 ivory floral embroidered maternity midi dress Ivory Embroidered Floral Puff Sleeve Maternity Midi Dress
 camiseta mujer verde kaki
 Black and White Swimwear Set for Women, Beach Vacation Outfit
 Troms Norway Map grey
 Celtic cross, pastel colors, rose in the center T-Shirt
----------------------------------------
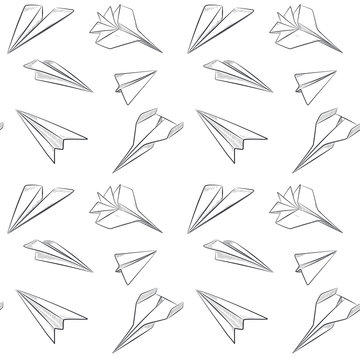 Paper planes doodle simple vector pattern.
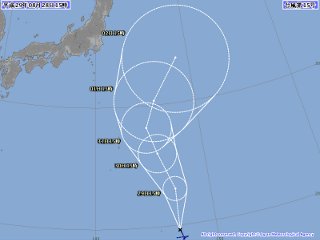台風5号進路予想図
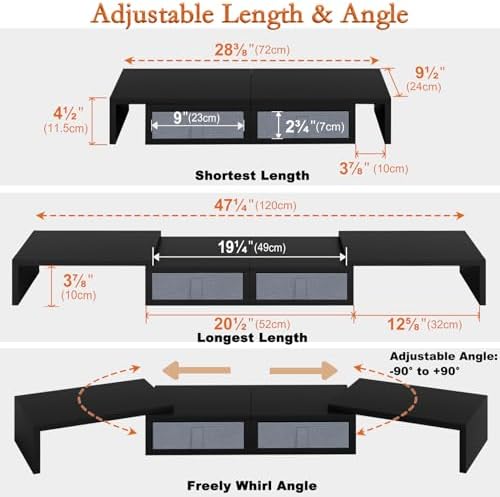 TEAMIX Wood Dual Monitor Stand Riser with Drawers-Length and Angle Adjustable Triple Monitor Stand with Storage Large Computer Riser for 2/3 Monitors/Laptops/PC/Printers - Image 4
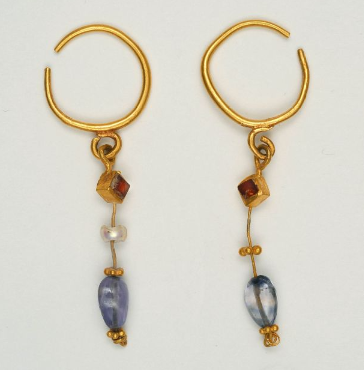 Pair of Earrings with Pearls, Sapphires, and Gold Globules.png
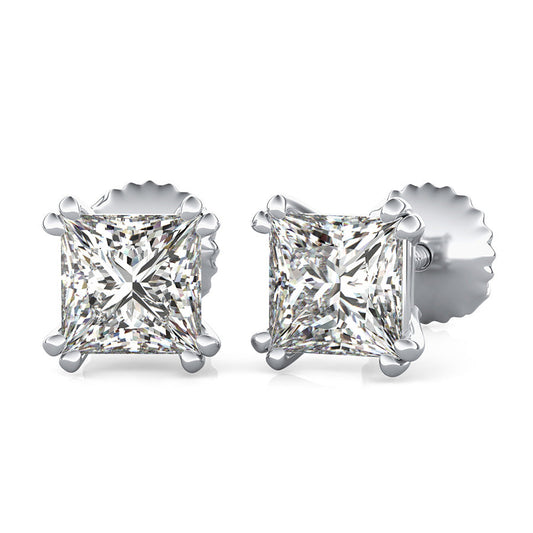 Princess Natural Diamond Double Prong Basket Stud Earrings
----------------------------------------
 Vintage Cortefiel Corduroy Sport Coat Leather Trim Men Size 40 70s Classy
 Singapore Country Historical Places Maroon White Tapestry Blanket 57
----------------------------------------
## WHAT IS REQUIRED
Pictures excluded, give again exactly and only the lines of the material above from the line with "Pair of Earrings" through the line with "Princess Natural Diamond".

## RESPONSE TO THE EXERCISE
 Pair of Earrings with Pearls, Sapphires, and Gold Globules.png
 Princess Natural Diamond Double Prong Basket Stud Earrings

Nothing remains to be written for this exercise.